To do ▸
In the entries that follow, repeat exactly the lines from the one that has "Celeste, Ribera del Duero Crianza, Torres" through the one that has "Image for Dynamische", but omit pictures.

Working data ▸

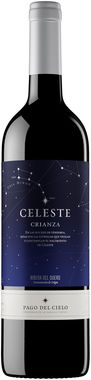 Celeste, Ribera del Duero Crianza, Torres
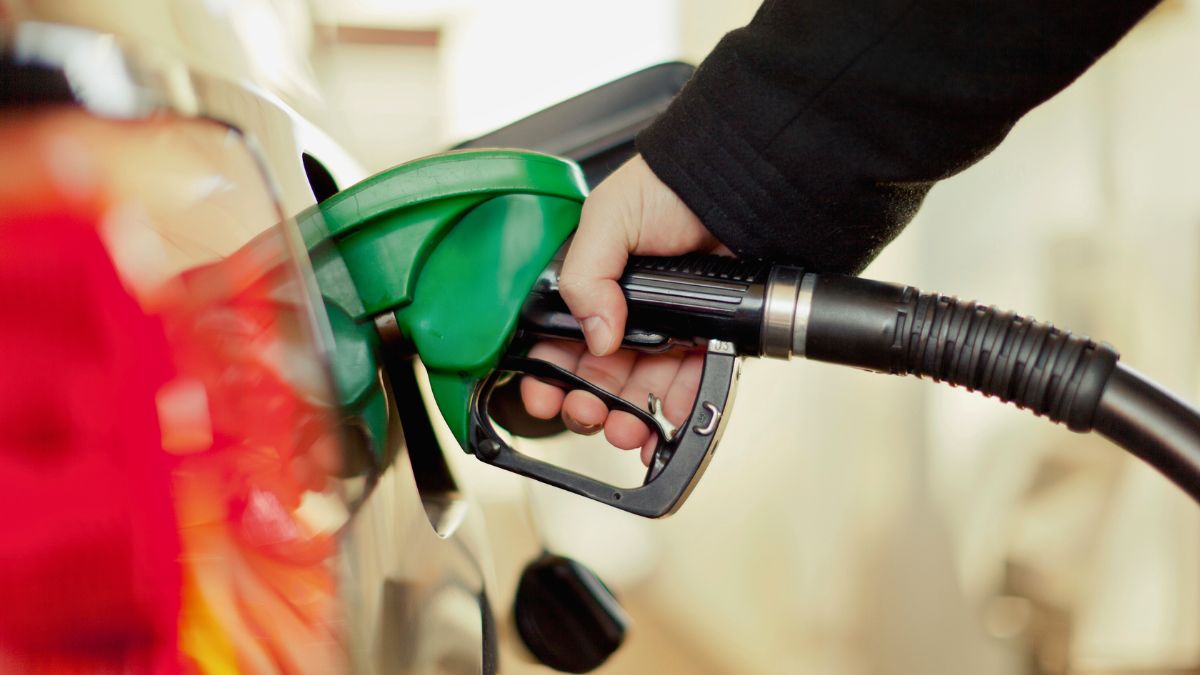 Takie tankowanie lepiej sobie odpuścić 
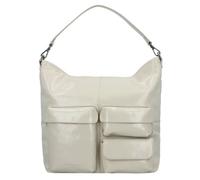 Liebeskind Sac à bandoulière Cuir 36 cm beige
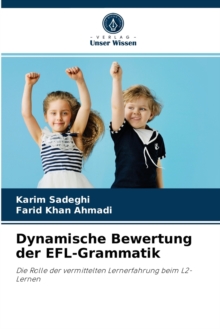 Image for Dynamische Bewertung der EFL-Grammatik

---

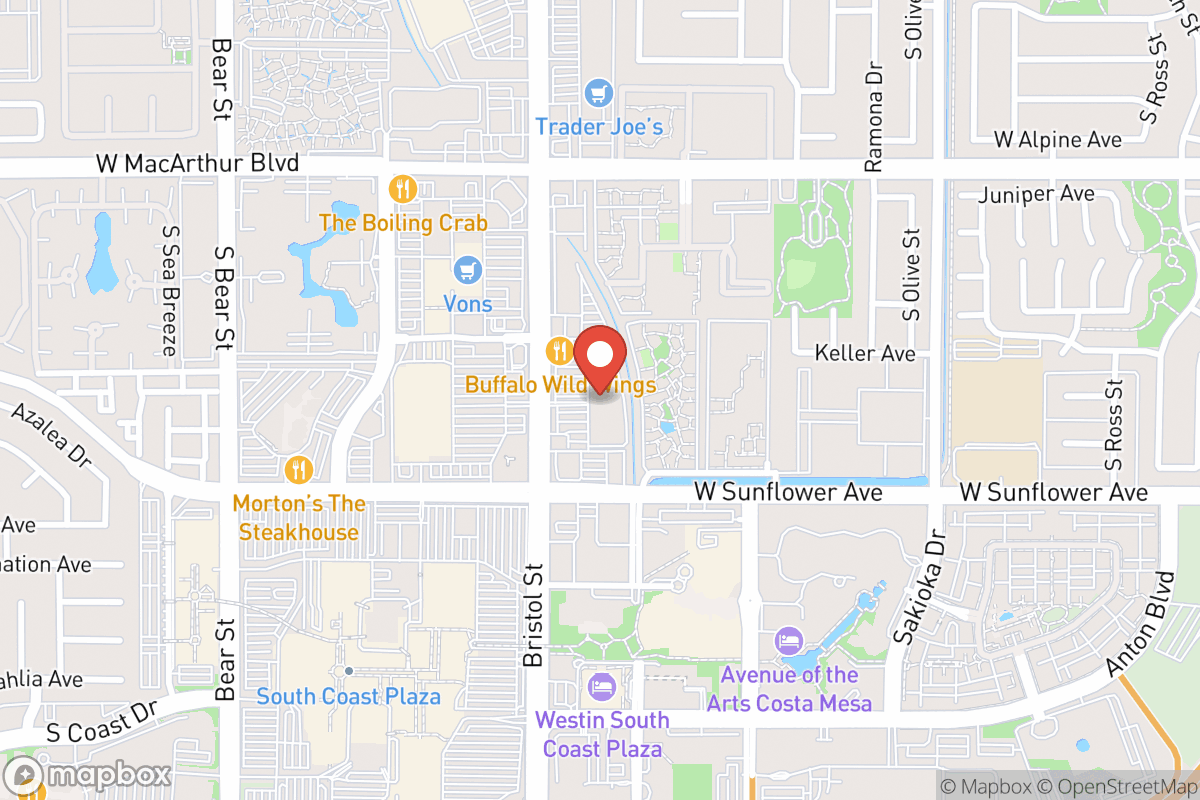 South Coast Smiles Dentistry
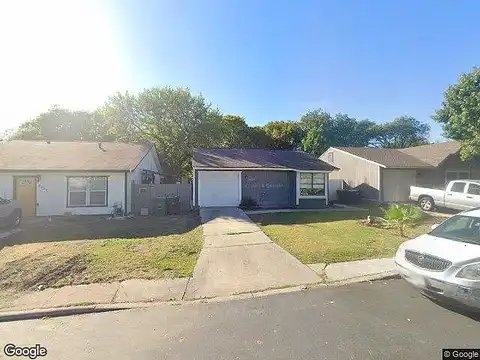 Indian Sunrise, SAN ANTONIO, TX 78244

==

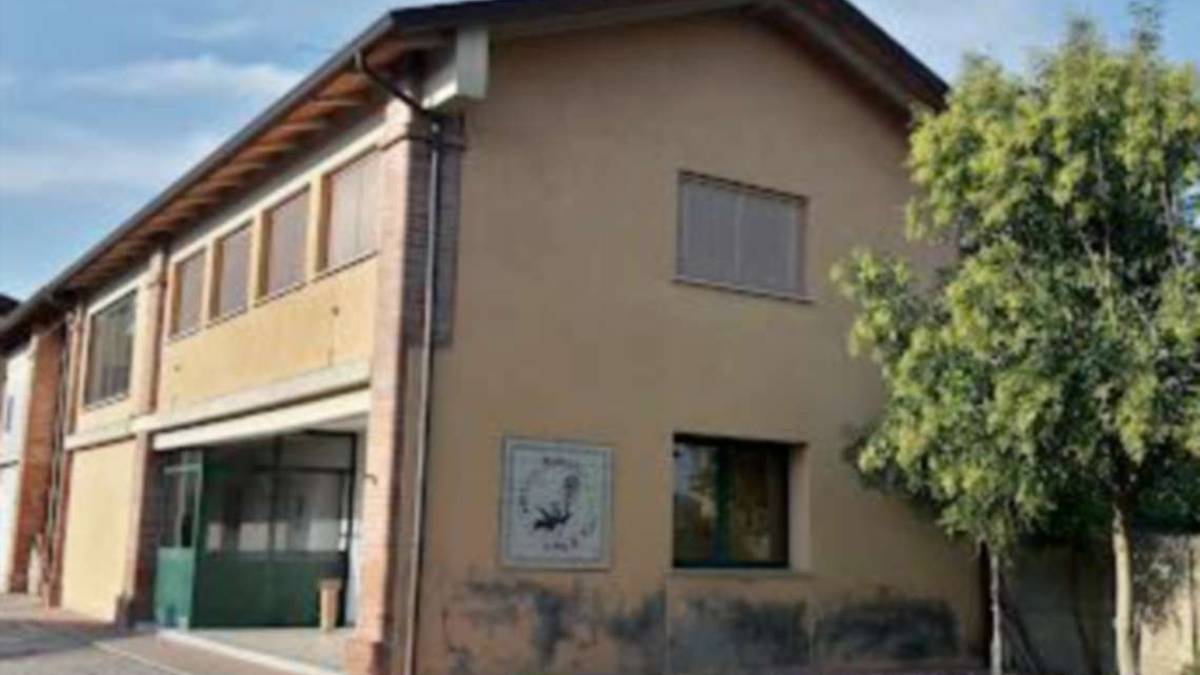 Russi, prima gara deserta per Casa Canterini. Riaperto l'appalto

Response to this task ▸
 Celeste, Ribera del Duero Crianza, Torres
 Takie tankowanie lepiej sobie odpuścić 
 Liebeskind Sac à bandoulière Cuir 36 cm beige
 Image for Dynamische Bewertung der EFL-Grammatik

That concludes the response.